-- What the exercise asks --
Look through the data below and show every line that includes "white".

───── Available records

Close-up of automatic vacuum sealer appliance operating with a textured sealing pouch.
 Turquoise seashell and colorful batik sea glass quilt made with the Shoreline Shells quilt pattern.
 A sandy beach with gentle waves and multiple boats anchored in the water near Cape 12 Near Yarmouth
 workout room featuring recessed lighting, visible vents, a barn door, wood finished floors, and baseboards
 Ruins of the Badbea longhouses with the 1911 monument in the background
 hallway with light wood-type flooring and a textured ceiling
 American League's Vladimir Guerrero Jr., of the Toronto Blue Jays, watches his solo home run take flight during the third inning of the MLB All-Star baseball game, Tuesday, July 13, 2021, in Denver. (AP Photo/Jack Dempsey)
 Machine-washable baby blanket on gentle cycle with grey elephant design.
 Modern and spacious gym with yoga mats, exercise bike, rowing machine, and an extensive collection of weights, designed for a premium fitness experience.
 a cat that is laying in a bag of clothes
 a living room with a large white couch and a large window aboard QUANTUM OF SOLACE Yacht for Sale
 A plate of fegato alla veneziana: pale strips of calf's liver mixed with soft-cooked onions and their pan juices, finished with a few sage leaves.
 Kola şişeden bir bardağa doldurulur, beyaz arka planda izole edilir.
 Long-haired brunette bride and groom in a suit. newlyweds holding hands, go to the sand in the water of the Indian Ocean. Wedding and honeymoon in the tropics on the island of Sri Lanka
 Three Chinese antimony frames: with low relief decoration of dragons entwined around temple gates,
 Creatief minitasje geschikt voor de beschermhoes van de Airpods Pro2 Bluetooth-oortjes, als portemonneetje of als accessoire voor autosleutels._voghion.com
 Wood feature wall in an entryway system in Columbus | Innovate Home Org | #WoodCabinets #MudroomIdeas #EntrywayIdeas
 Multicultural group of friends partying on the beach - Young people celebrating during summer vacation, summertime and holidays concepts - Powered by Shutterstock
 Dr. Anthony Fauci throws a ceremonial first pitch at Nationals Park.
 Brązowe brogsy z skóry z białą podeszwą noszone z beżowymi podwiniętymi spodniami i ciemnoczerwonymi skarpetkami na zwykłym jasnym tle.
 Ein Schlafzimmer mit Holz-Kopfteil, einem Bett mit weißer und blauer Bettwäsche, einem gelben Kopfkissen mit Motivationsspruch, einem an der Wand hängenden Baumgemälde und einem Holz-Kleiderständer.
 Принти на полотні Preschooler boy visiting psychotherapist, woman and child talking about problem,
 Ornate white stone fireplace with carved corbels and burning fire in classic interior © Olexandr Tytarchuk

──────────

-- Solution to the problem --
 a living room with a large white couch and a large window aboard QUANTUM OF SOLACE Yacht for Sale
 Ornate white stone fireplace with carved corbels and burning fire in classic interior © Olexandr Tytarchuk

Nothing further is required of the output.